ASAN recommends that the allocation system be revised to account for people with disabilities who live in the community and lack one of the prioritized co-occurring conditions, but nonetheless are at high risk of contracting the virus and of having severe outcomes due to their disabilities and living conditions. 

Many individuals with disabilities, rather than living in congregate settings, receive home and community-based services (HCBS) and other long term services and supports (LTSS) through state-funded Medicaid waiver programs, such as Section 1915(c) and others. Although some of these individuals have two or more co-occurring medical conditions that would lead to their vaccination during Phase 1b, or one co-occurring medical condition which would lead to their vaccination during Phase 2, others may have conditions or disabilities which would lead to them only being vaccinated during Phase 3 or Phase 4, which mostly covers the general population. 

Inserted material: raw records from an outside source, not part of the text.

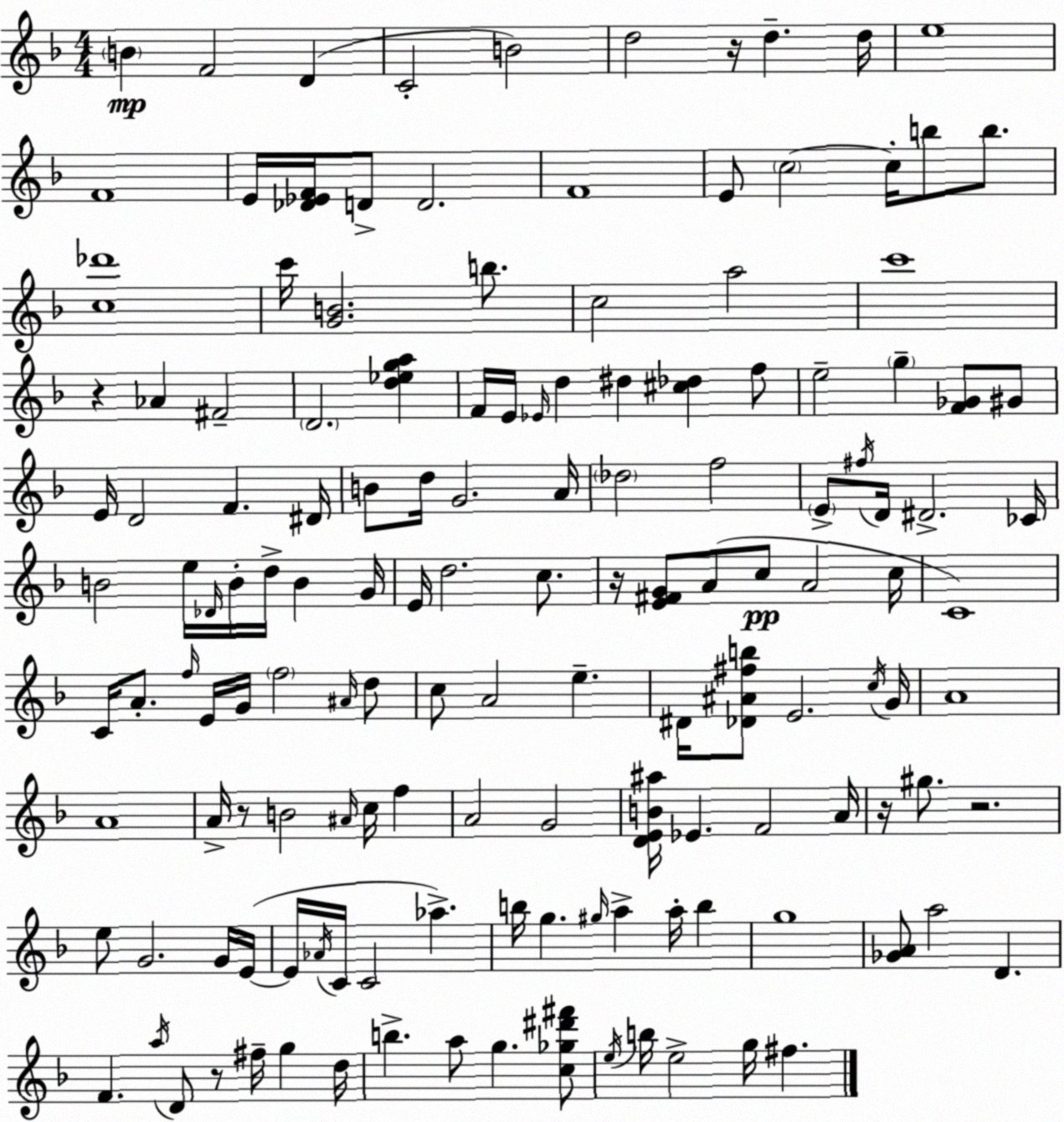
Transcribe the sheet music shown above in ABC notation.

X:1
T:Untitled
M:4/4
L:1/4
K:F
B F2 D C2 B2 d2 z/4 d d/4 e4 F4 E/4 [_D_EF]/4 D/2 D2 F4 E/2 c2 c/4 b/2 b/2 [c_d']4 c'/4 [GB]2 b/2 c2 a2 c'4 z _A ^F2 D2 [d_ega] F/4 E/4 _E/4 d ^d [^c_d] f/2 e2 g [F_G]/2 ^G/2 E/4 D2 F ^D/4 B/2 d/4 G2 A/4 _d2 f2 E/2 ^f/4 D/4 ^D2 _C/4 B2 e/4 _D/4 B/4 d/4 B G/4 E/4 d2 c/2 z/4 [E^FG]/2 A/2 c/2 A2 c/4 C4 C/4 A/2 f/4 E/4 G/4 f2 ^A/4 d/2 c/2 A2 e ^D/4 [_D^A^fb]/2 E2 c/4 G/4 A4 A4 A/4 z/2 B2 ^A/4 c/4 f A2 G2 [DEB^a]/4 _E F2 A/4 z/4 ^g/2 z2 e/2 G2 G/4 E/4 E/4 _A/4 C/4 C2 _a b/4 g ^g/4 a a/4 b g4 [_GA]/2 a2 D F a/4 D/2 z/2 ^f/4 g d/4 b a/2 g [c_g^d'^f']/2 e/4 b/4 e2 g/4 ^f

These individuals may nonetheless be at a higher risk of contracting COVID-19 than people in the general population. Individuals receiving HCBS are often in unavoidable and very close contact with other people, such as home health aides and other supporters. LTSS services such as those provided under HCBS waivers can involve a person helping another with daily living tasks, transportation, home health care, and doing household chores – all of which are tasks that can involve sustained intimate physical contact between the person and their supporter. People with disabilities who use LTSS and their staff may be unable to access or use PPE. This may include ventilator users, people with significant developmental disabilities, people who need assistance with eating and bathing, and people who have home health aides present in the house while they sleep. LTSS users may have multiple aides throughout the course of the day and those aides themselves often support multiple people in different households, including people with significant medical risk factors. As a result, LTSS users and their staff are at a high risk not only of contracting the virus but also of transmitting it to others. ASAN therefore recommends that individuals receiving Medicaid-funded HCBS be included within at least Phase 1b or Phase 2, with other individuals with disabilities receiving these services in congregate settings. 

The Committee should ensure that people with disabilities do not experience discrimination in vaccine allocation decisions.

ASAN appreciates the Committee’s commitment to avoid discrimination on the basis of protected characteristics or immigration status, as well as its commitment to ensuring that the framework does not add to or duplicate existing health disparities. We recommend that disability be referenced and added to this commitment wherever possible. We additionally recommend that the Committee consult with advocates and stakeholders from the civil rights community and immigrant communities when refining its framework. 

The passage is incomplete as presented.